## WHAT YOU NEED TO DO
Please repeat exactly the lines below from the line with "Thom Browne Blue" to the line with "Nailura Gelpolish 339", including both, and leave out every picture.

··· GIVEN DATA ···

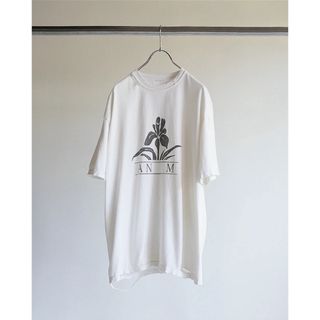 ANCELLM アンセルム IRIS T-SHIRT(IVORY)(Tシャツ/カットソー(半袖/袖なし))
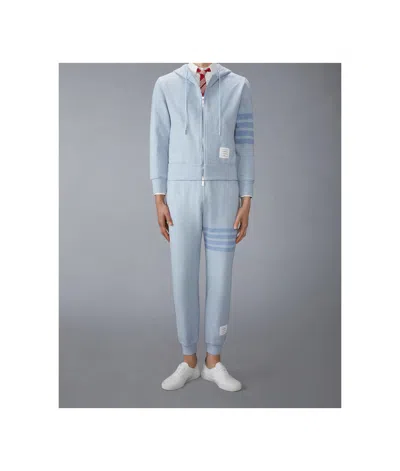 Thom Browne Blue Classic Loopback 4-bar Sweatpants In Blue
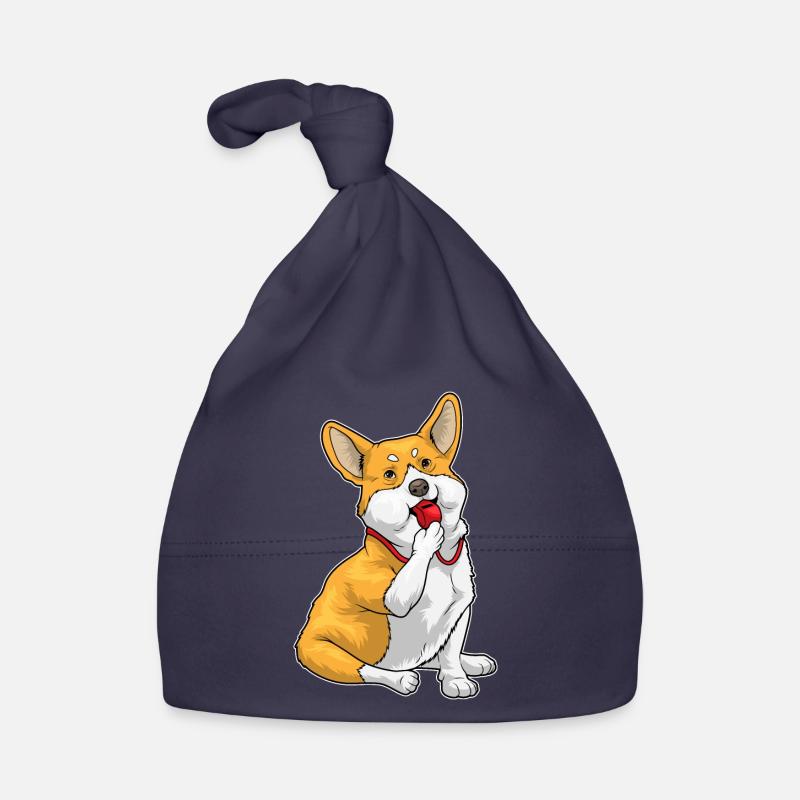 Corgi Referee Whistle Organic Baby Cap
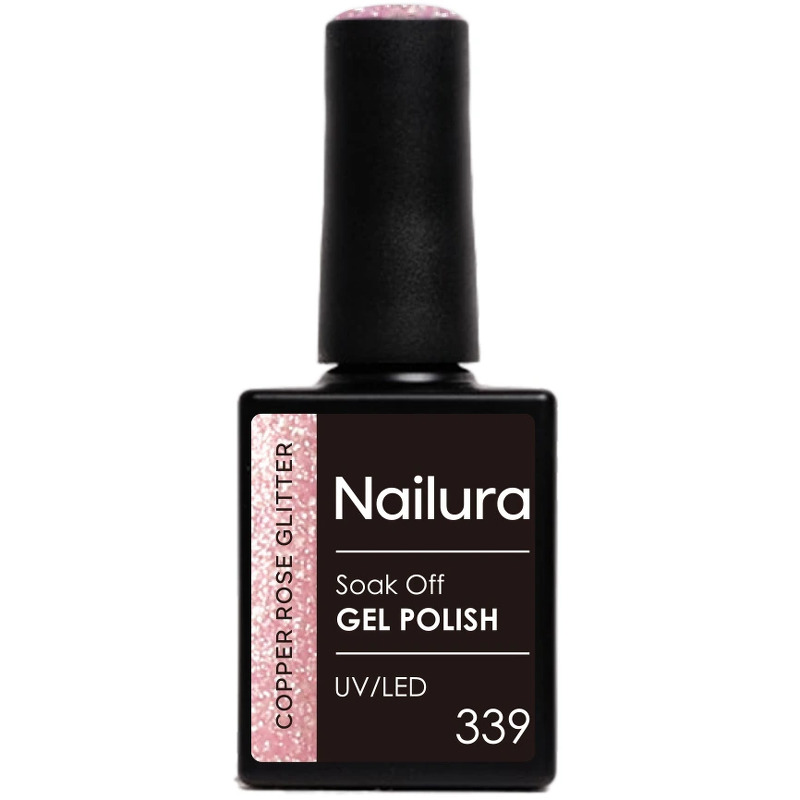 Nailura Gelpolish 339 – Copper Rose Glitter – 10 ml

···
··· GIVEN DATA ···

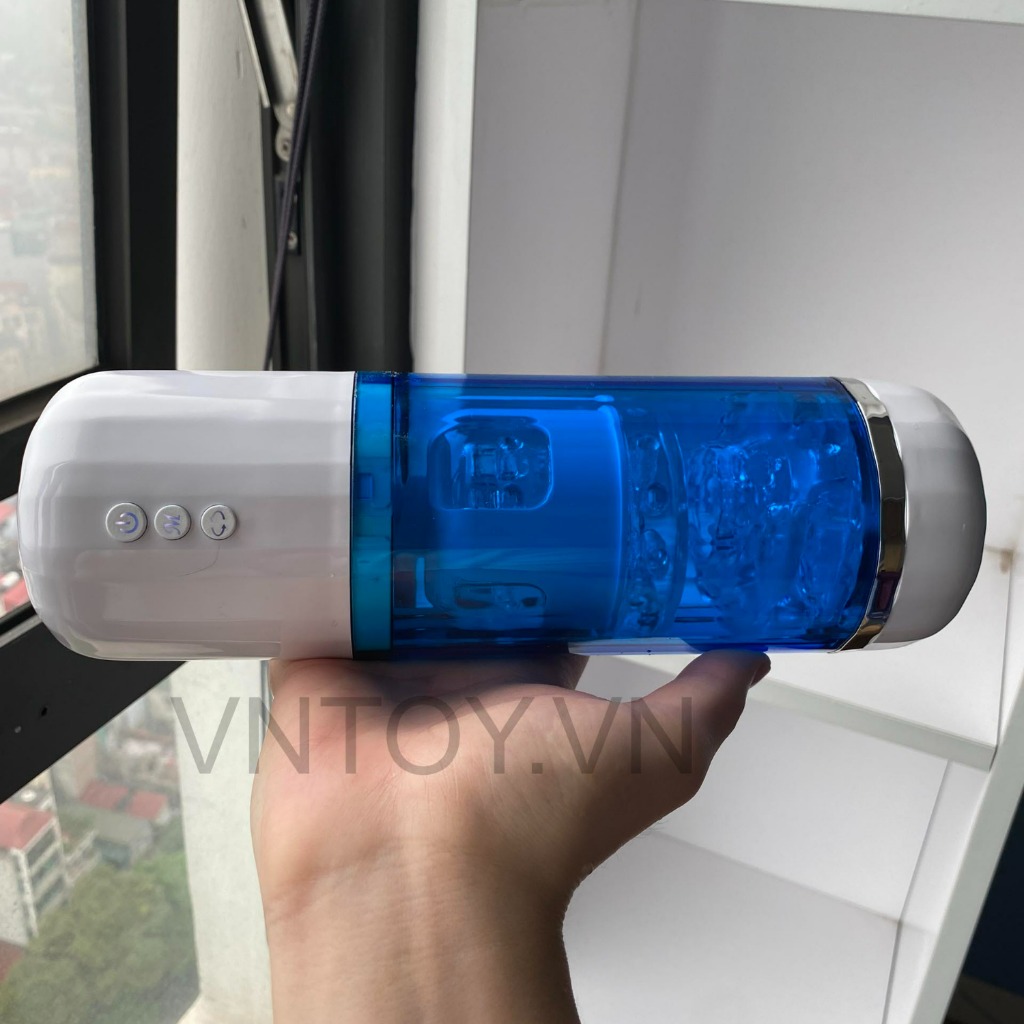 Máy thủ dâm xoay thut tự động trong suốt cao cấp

···

## OUTPUT
 Thom Browne Blue Classic Loopback 4-bar Sweatpants In Blue
 Corgi Referee Whistle Organic Baby Cap
 Nailura Gelpolish 339 – Copper Rose Glitter – 10 ml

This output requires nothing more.